Summer Houses is the recording project for Morgan M. Clemente. His first release under this moniker is a three-song EP entitled Somedays. It’s a noisy, lo-fi affair that is in an almost constant state of dissonance.
Up first is “Collapse” which melds elements of shoegaze, alternative and other like-minded genres. The vocals are delivered in a kind of ’90s classic indie rock type of way and a number of bands came to mind. Clemente sounds like a young guy talking about suitable topics. He sings, “I'm severing ties with all my friends / Collapsing under your weight / I’m just a character in your stories / I represent all your self hate.”

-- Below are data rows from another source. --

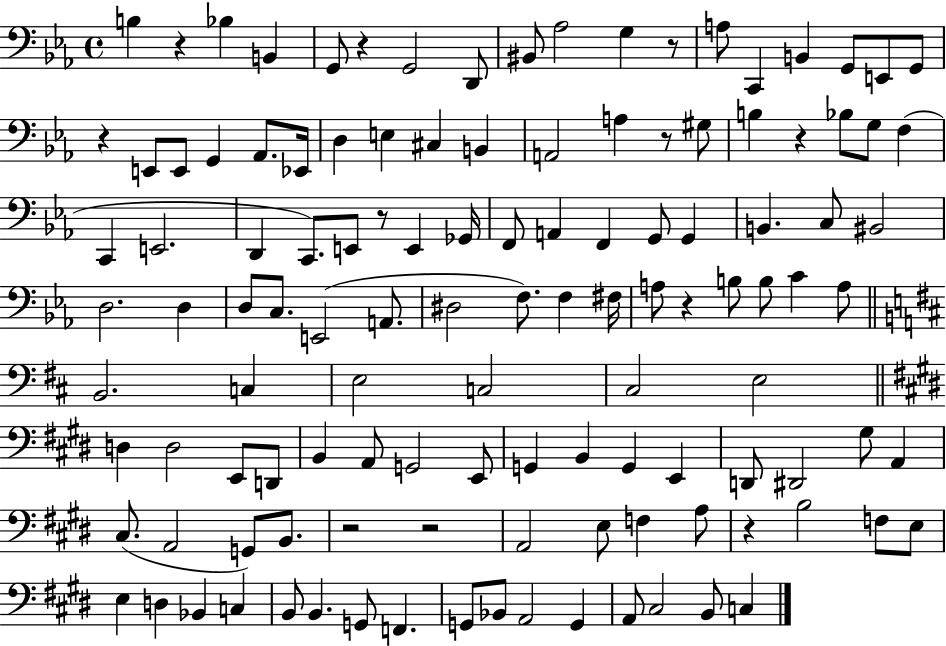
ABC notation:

X:1
T:Untitled
M:4/4
L:1/4
K:Eb
B, z _B, B,, G,,/2 z G,,2 D,,/2 ^B,,/2 _A,2 G, z/2 A,/2 C,, B,, G,,/2 E,,/2 G,,/2 z E,,/2 E,,/2 G,, _A,,/2 _E,,/4 D, E, ^C, B,, A,,2 A, z/2 ^G,/2 B, z _B,/2 G,/2 F, C,, E,,2 D,, C,,/2 E,,/2 z/2 E,, _G,,/4 F,,/2 A,, F,, G,,/2 G,, B,, C,/2 ^B,,2 D,2 D, D,/2 C,/2 E,,2 A,,/2 ^D,2 F,/2 F, ^F,/4 A,/2 z B,/2 B,/2 C A,/2 B,,2 C, E,2 C,2 ^C,2 E,2 D, D,2 E,,/2 D,,/2 B,, A,,/2 G,,2 E,,/2 G,, B,, G,, E,, D,,/2 ^D,,2 ^G,/2 A,, ^C,/2 A,,2 G,,/2 B,,/2 z2 z2 A,,2 E,/2 F, A,/2 z B,2 F,/2 E,/2 E, D, _B,, C, B,,/2 B,, G,,/2 F,, G,,/2 _B,,/2 A,,2 G,, A,,/2 ^C,2 B,,/2 C,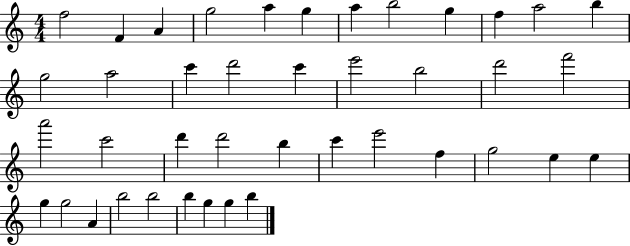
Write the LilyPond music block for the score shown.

{
  \clef treble
  \numericTimeSignature
  \time 4/4
  \key c \major
  f''2 f'4 a'4 | g''2 a''4 g''4 | a''4 b''2 g''4 | f''4 a''2 b''4 | \break g''2 a''2 | c'''4 d'''2 c'''4 | e'''2 b''2 | d'''2 f'''2 | \break a'''2 c'''2 | d'''4 d'''2 b''4 | c'''4 e'''2 f''4 | g''2 e''4 e''4 | \break g''4 g''2 a'4 | b''2 b''2 | b''4 g''4 g''4 b''4 | \bar "|."
}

“Between Then and Now” is full of nihilistic thought and ambiguous ramblings that are completely open to interpretation as to what, where and when they are referring to . At its best the song sounds similar to My Bloody Valentine and early ’90s indie rock acts by combining large splotches of feedback and distortions that shift in pitch.
“Pen Pals pt. 1” is a bit more melancholy and tragic. The story on paper is deep but the way it’s told feels a bit tongue-in-cheek. It’s a slow burn which eventually leads to a Godspeed You! Black Emperor type drone.

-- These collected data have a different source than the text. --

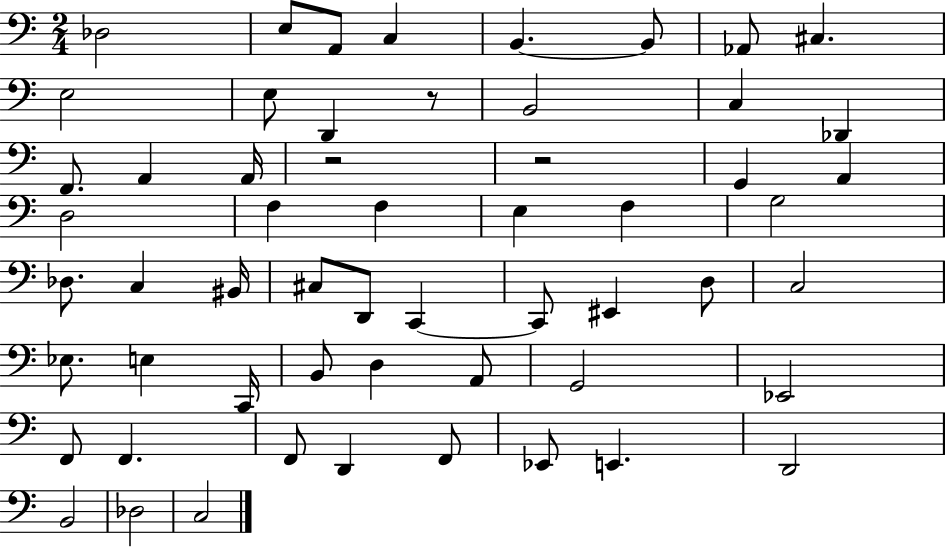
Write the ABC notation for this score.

X:1
T:Untitled
M:2/4
L:1/4
K:C
_D,2 E,/2 A,,/2 C, B,, B,,/2 _A,,/2 ^C, E,2 E,/2 D,, z/2 B,,2 C, _D,, F,,/2 A,, A,,/4 z2 z2 G,, A,, D,2 F, F, E, F, G,2 _D,/2 C, ^B,,/4 ^C,/2 D,,/2 C,, C,,/2 ^E,, D,/2 C,2 _E,/2 E, C,,/4 B,,/2 D, A,,/2 G,,2 _E,,2 F,,/2 F,, F,,/2 D,, F,,/2 _E,,/2 E,, D,,2 B,,2 _D,2 C,2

The EP reminded me of some of the more noisy aspects of The Microphones. It’s also similar to The Microphones in the lo-fi approach. The Glow Pt. 2 is a bit of an anomaly because it sounds lo-fi but the engineering is deceptively really well done. There is a clear separation on instrumentation, the dynamics are well implemented and much more.
As an engineer myself I can say the music on Somedays is a difficult style to engineer just because of the sheer amount of white noise which takes up most of your mid and high frequencies between 1khz and 10khz. As Clemente steps into his full length I hope to hear a little bump in this area whether it's by working with other engineers or by increasing the fidelity. There were a lot of interesting things happening but even with my best audiophile listening equipment it was hard to discern some of the more interesting, faint instrumentation.
Overall, I was impressed by these three songs. It was a little nostalgic for me and took me back to my college days at the turn of century when I first started to fall in love with noise rock. Hopefully, Clemente can keep that flame burning.